Required work: Each line in the material below, starting at the one with "Saluki Coffee Mug" and ending at the one with "5 Bedroom Apartment", is to be reproduced exactly; no picture is to be copied.

Records:
-- Opening Marker --

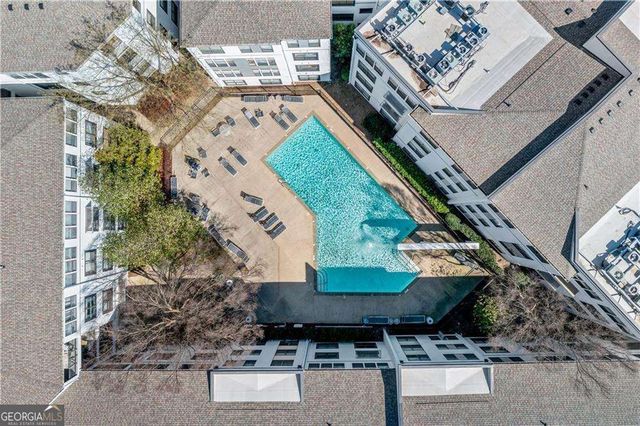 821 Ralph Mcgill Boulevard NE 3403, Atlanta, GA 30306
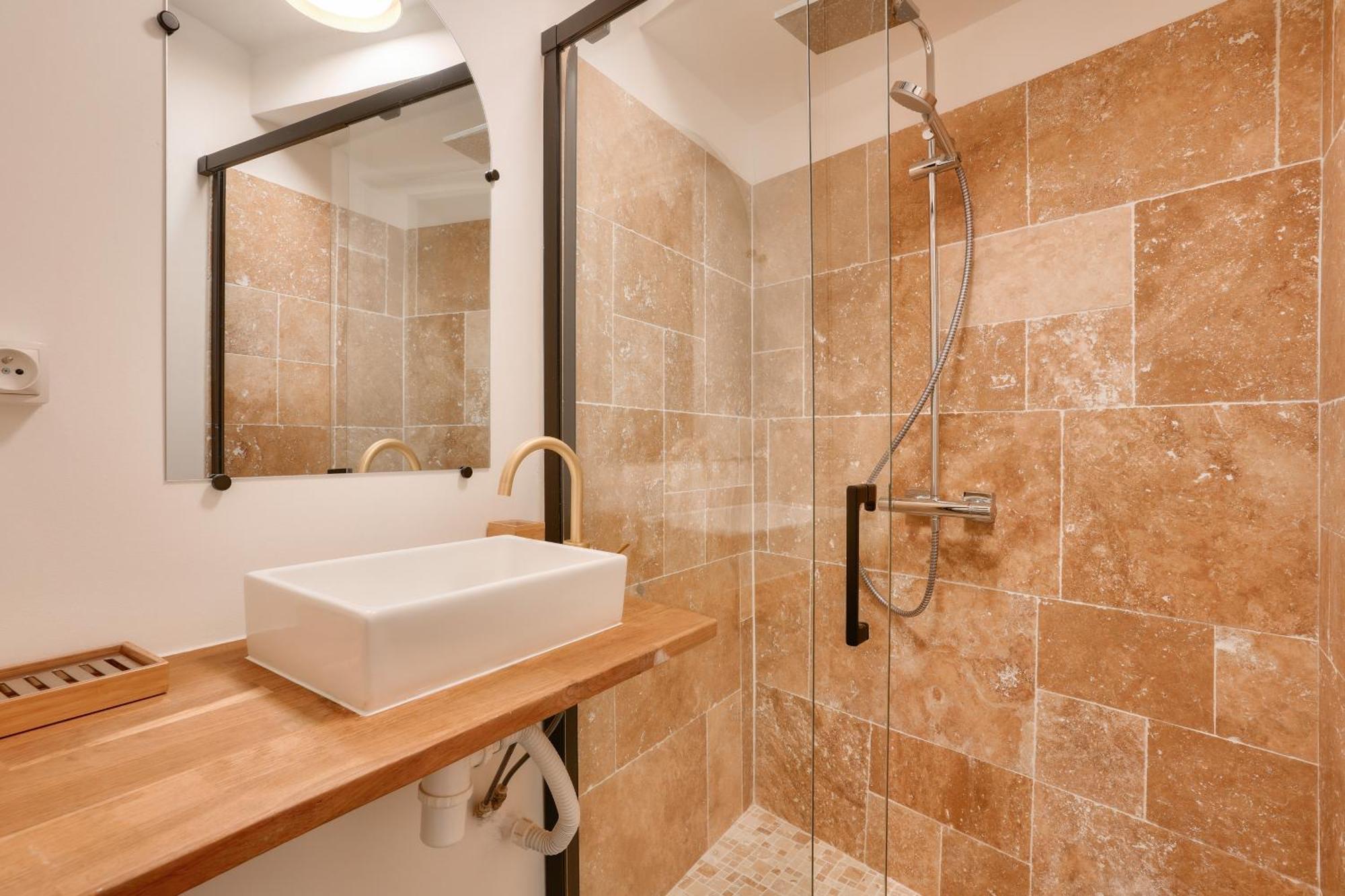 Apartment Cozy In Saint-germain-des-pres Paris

-- Closing Marker --
-- Opening Marker --

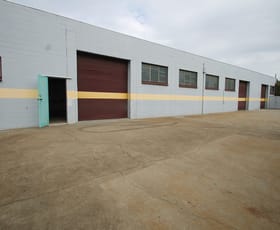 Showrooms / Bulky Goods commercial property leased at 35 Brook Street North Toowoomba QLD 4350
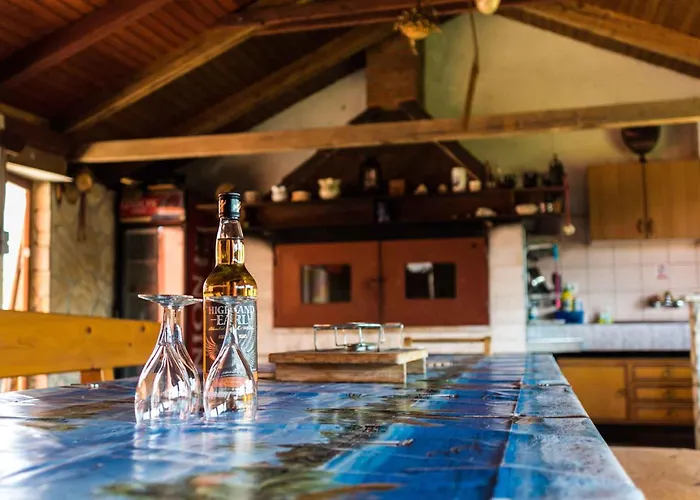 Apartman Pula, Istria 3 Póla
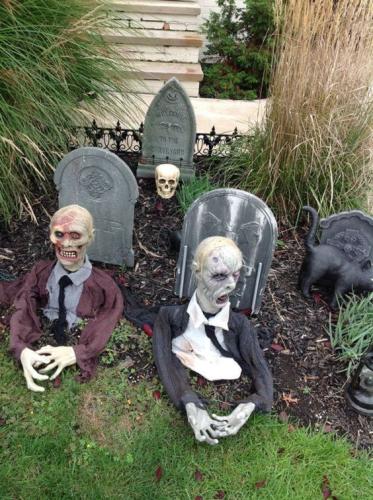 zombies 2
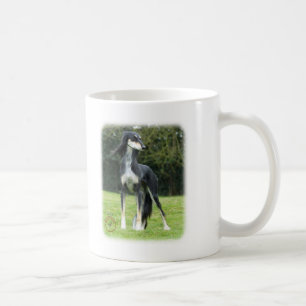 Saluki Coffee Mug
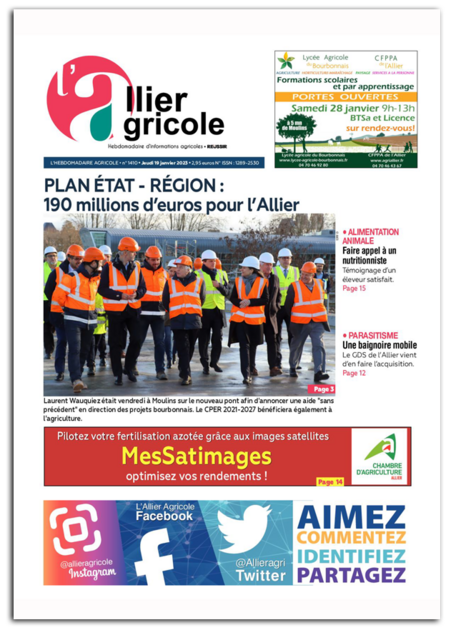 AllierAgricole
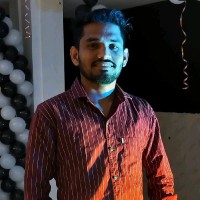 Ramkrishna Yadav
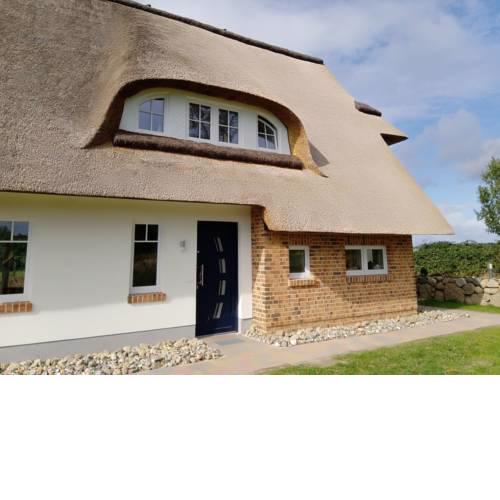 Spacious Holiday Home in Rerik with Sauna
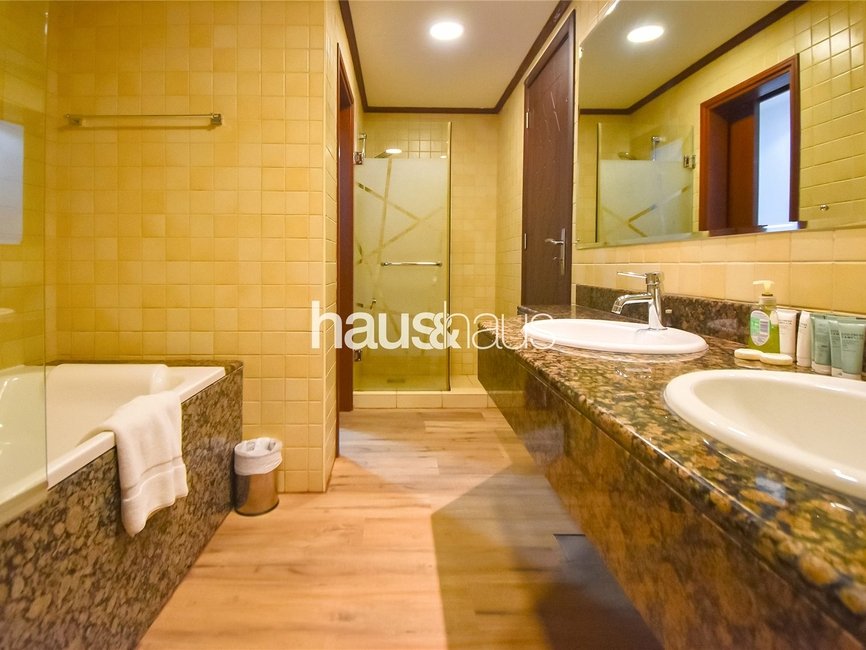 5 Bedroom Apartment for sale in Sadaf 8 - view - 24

-- Closing Marker --

Result below:
 Saluki Coffee Mug
 AllierAgricole
 Ramkrishna Yadav
 Spacious Holiday Home in Rerik with Sauna
 5 Bedroom Apartment for sale in Sadaf 8 - view - 24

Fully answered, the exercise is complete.